What should be next is to fix the error in application of both of these laws. Unfortunately, it is probably too late to remedy the inconsistency of the Transition Tax. However, GILTI could be made much more effective and less burdensome with two changes, a small one and a big one. First, GILTI should actually apply to intangible income. After all, that is the intent, it’s in the actual name. This would stop businesses with fully depreciated assets, sales/service businesses, businesses that are able to generate large profits from fixed assets, and any other entity that doesn’t actually generate intangible income to avoid having GILTI. There are other areas of foreign earnings under the Subpart F rules (foreign anti-deferral regime) where we look at the actual type of income without using an abstract formula, it would seem possible to do that here as well. Next, there should be a threshold, most likely based on income. There are many foreign businesses where the GILTI calculation is extremely burdensome when compared to overall income and operations. We have even seen taxpayers where the fee to calculate GILTI is more than the actual GILTI tax. Surely these small businesses were not the focus of this new law, and the larger businesses have the bandwidth and professionals needed to get all this extra work completed. If there is no exemption, the IRS is going to have its hands full with audits, and many of these audits won’t lead to much revenue. However, if they back off enforcement of GILTI on small businesses due to cost v. reward what is the point? The IRS might as well exempt these taxpayers so neither the IRS or the taxpayer have to lose sleep over the issue.

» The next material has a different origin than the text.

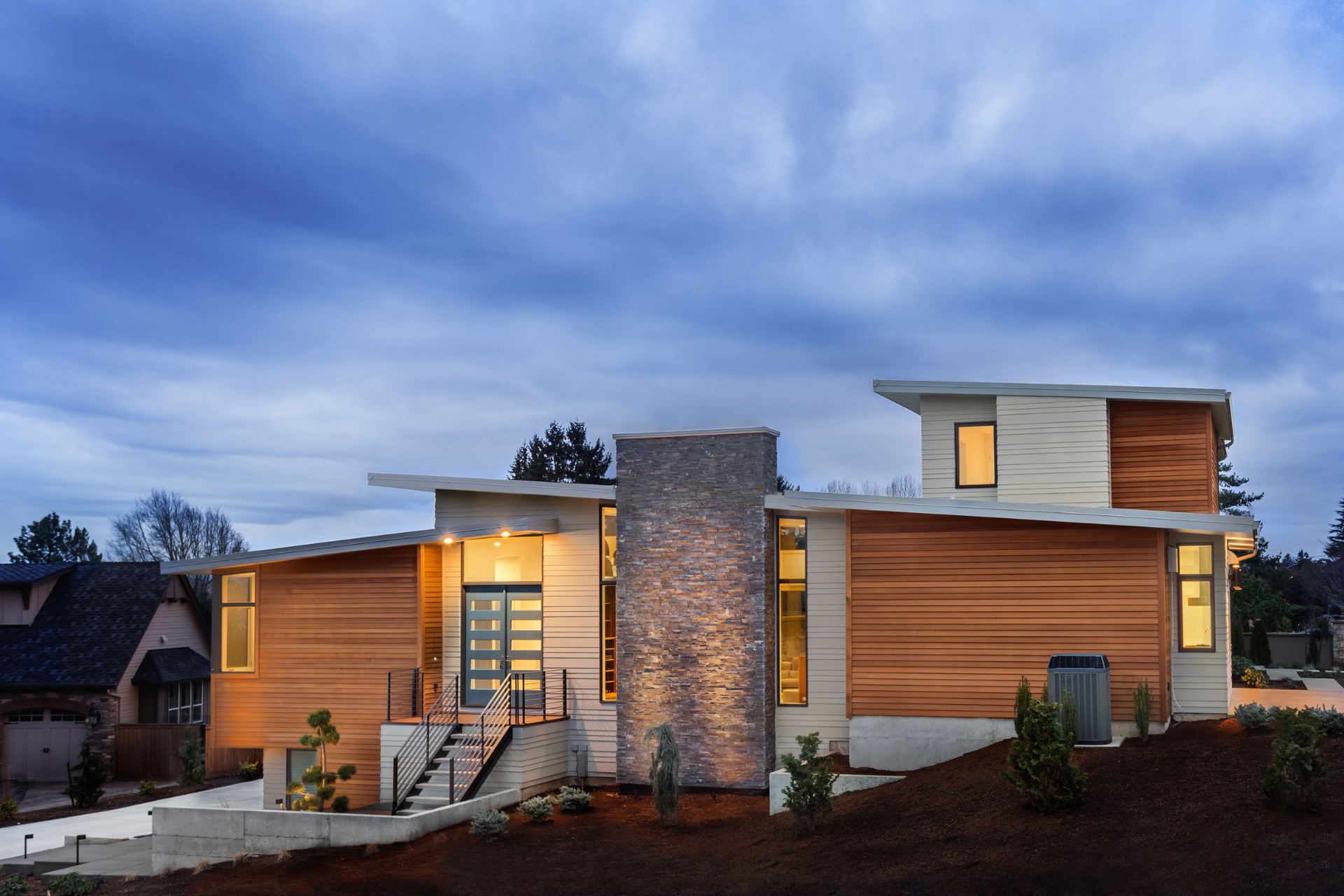 A modern custom home with wood paneling and a stone chimney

Between FATCA, IRS international enforcement increasing, and new, complex laws such as GILTI and the Transition Tax, it has become a difficult time for international taxpayers and the professionals who prepare their returns. Additionally, the non-filing penalties are severe and the IRS is pushing the envelope on maximizing those penalties. The only thing that is clear is that ignoring the problem is not an option as it will only make things worse. Taxpayers are not the IRS, they do not have the luxury of overlooking their mistakes and continuing forward.
 The measurement date is either November 2, 2017 or December 31, 2017, whichever date has a higher accumulated earnings. The contingent measurement date is to avoid accumulated earnings manipulation after it became public this law was being considered.